### [What the task asks]
When you reach the line containing "map of restaurants, bars, coffee", please repeat it and every line after it exactly, through the end of the listing below, skipping pictures.

### [Given data]
========================================

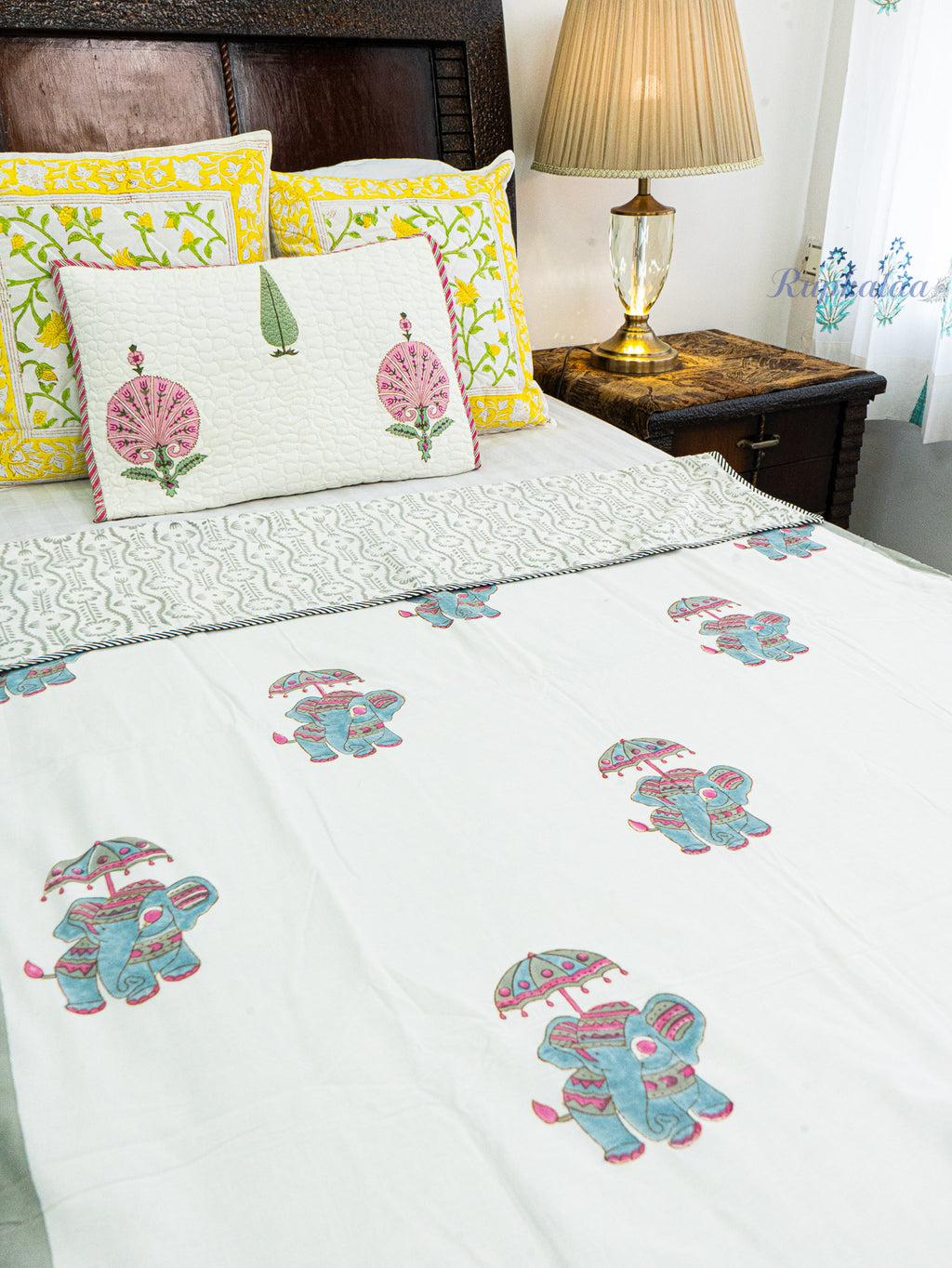 Sleepy Sky Safari Reversible Hand Block Mulmul Dohar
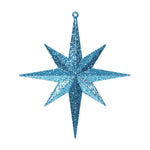 Vickerman M167212 8" Turquoise Iridescent Glitter Bethlehem Star Christmas Ornament 4 Per Box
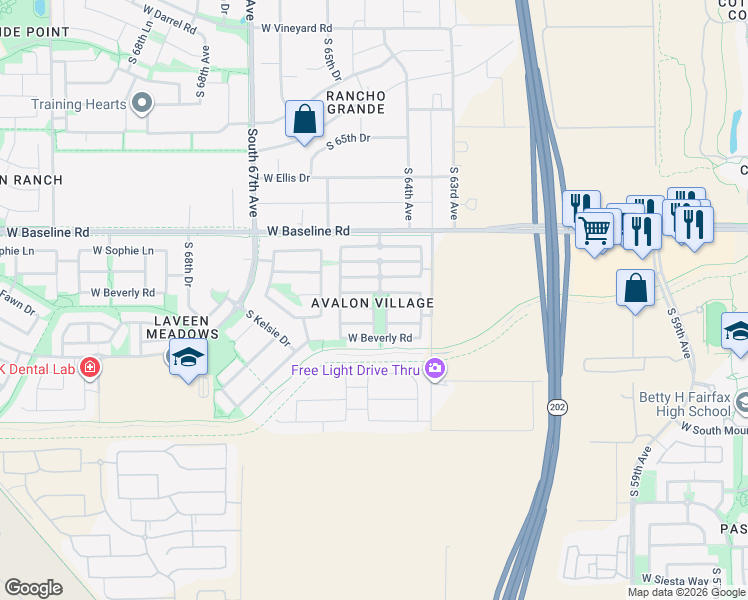map of restaurants, bars, coffee shops, grocery stores, and more near 6344 West Fawn Drive in Phoenix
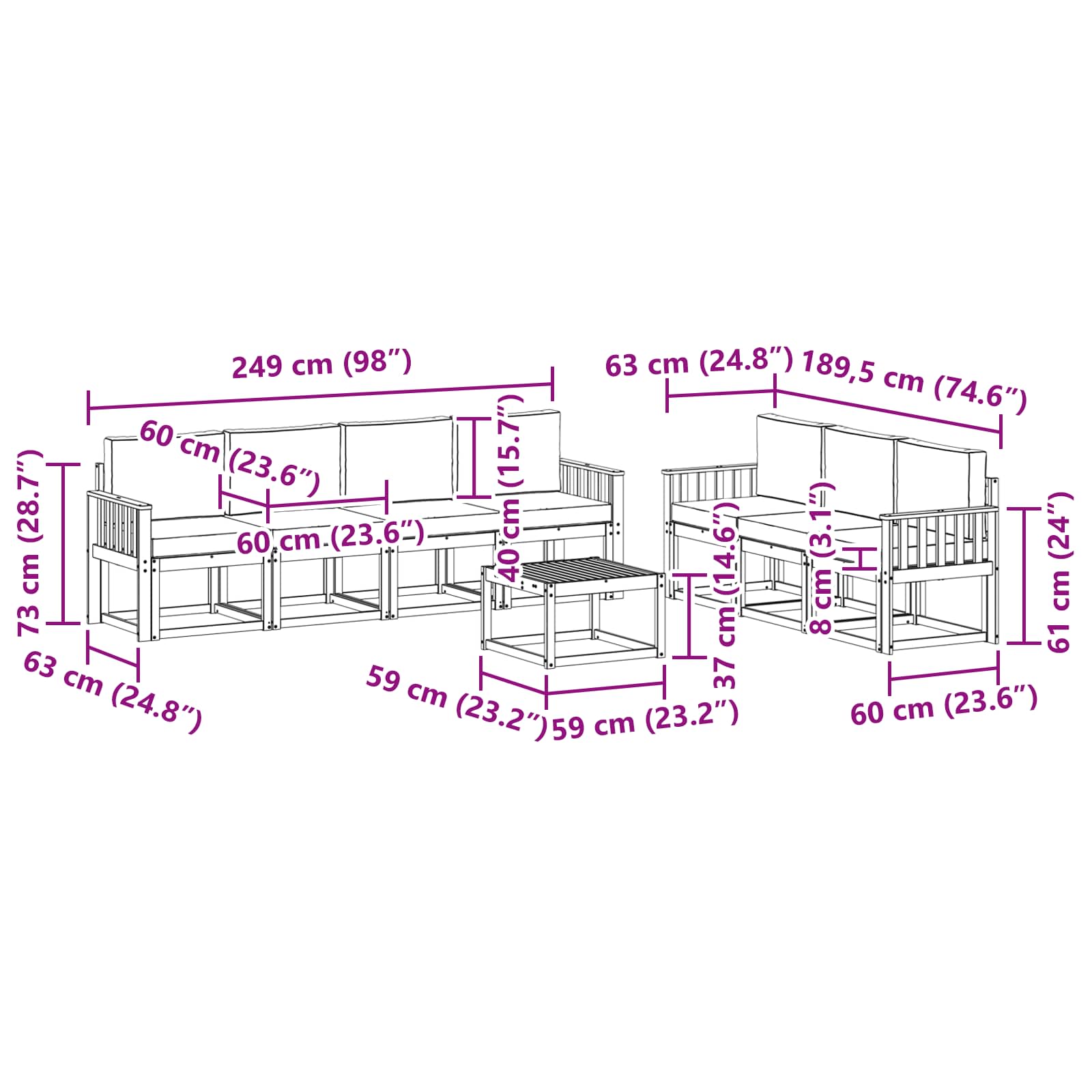 Set vanjskih sofa 7 pcs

========================================

### [Result for this exercise]
map of restaurants, bars, coffee shops, grocery stores, and more near 6344 West Fawn Drive in Phoenix
 Set vanjskih sofa 7 pcs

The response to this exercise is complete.